在python中通过undetected_chromedriver在web抓取中获取输出txt文件的错误

vxf3dgd4  于 2023-08-01  发布在  Go
关注(0)|答案(1)|浏览(143)
import re
import time
import random
import logging
from concurrent.futures import ThreadPoolExecutor
from undetected_chromedriver import Chrome, ChromeOptions
from selenium.webdriver.common.by import By
from selenium.common.exceptions import WebDriverException, NoSuchElementException
from selenium.webdriver.support.ui import WebDriverWait
from selenium.webdriver.support import expected_conditions as EC
from bs4 import BeautifulSoup
import threading

# Configure logging
logging.basicConfig(filename='scraping.log', level=logging.INFO)

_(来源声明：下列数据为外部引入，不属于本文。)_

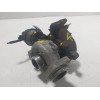 Recambio de turbocompresor para audi q5 (8rb) 2.0 tdi referencia OEM IAM 03L145701D 03L145701D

# Enable optimizations for faster page load
options = ChromeOptions()
options.page_load_strategy = 'eager'
options.add_argument('--enable-network-prediction')
options.add_argument('--disable-gpu')
options.add_argument('--enable-features=VaapiVideoDecoder')
options.add_argument('--disable-software-rasterizer')
options.add_argument('--disk-cache-size=33554432')

# Disable images and unnecessary content using Chrome options
options.add_argument("--disable-popup-blocking")
options.add_argument("--blink-settings=imagesEnabled=false")
options.add_argument("--disable-notifications")
options.add_argument("--disable-geolocation")
options.add_argument("--disable-plugins")
options.add_argument("--disable-popup-blocking")
options.add_argument("--disable-extensions")
options.add_argument("--disable-dev-shm-usage")
options.add_argument("--no-sandbox")
options.add_argument("--disable-infobars")
options.add_argument("--disable-web-security")
options.add_argument("--disable-logging")
options.add_argument("--mute-audio")
options.add_argument("--disable-stylesheet")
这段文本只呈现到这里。